When asked if diversity can ever take on a negative form, Vincent responded, “On every level, diversity can be considered positive. Much research has confirmed that diversity in educational settings improves the experience for all. Studies of diverse scientific teams and workplace teams have shown that they produce stronger research and make better decisions. As a professor of higher education and law, I see this in the classroom over and over. The more opportunities we have to get know others of different races, the more stereotypes are broken down. In our increasingly global society, being able to work on teams of diverse people and possessing cultural competence are extremely positive.”

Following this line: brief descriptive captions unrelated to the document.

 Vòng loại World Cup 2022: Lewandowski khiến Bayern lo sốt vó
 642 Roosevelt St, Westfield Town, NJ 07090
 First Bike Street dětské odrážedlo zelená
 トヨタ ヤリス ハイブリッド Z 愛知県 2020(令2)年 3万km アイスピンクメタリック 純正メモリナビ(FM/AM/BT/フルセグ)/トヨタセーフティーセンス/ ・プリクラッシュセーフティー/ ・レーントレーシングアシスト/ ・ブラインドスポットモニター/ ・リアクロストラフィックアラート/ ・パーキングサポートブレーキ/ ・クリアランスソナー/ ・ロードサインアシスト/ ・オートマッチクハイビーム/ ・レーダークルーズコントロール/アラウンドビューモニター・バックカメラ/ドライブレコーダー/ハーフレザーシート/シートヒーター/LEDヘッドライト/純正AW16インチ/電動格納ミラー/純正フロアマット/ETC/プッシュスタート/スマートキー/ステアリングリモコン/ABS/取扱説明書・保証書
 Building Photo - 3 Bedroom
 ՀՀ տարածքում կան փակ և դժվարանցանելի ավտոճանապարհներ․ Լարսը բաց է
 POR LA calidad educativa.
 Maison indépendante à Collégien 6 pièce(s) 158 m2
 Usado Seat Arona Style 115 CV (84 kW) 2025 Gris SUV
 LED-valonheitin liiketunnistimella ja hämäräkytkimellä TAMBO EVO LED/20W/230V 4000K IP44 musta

As race relations continue to improve here at UT as well as elsewhere across this country, understanding each other’s perspective can bridge many barriers. According to White, “Minorities have to tip-toe around the everyday issues that we experience in order to make our peers feel more comfortable, and a lot of people don’t realize this. We are afraid that we will be viewed as too sensitive or will be told that racism doesn’t exist and we are just too easily offended. It is something that is changing and there are efforts towards improvement, but awareness is so important.”
Ridout is a French senior from Garland.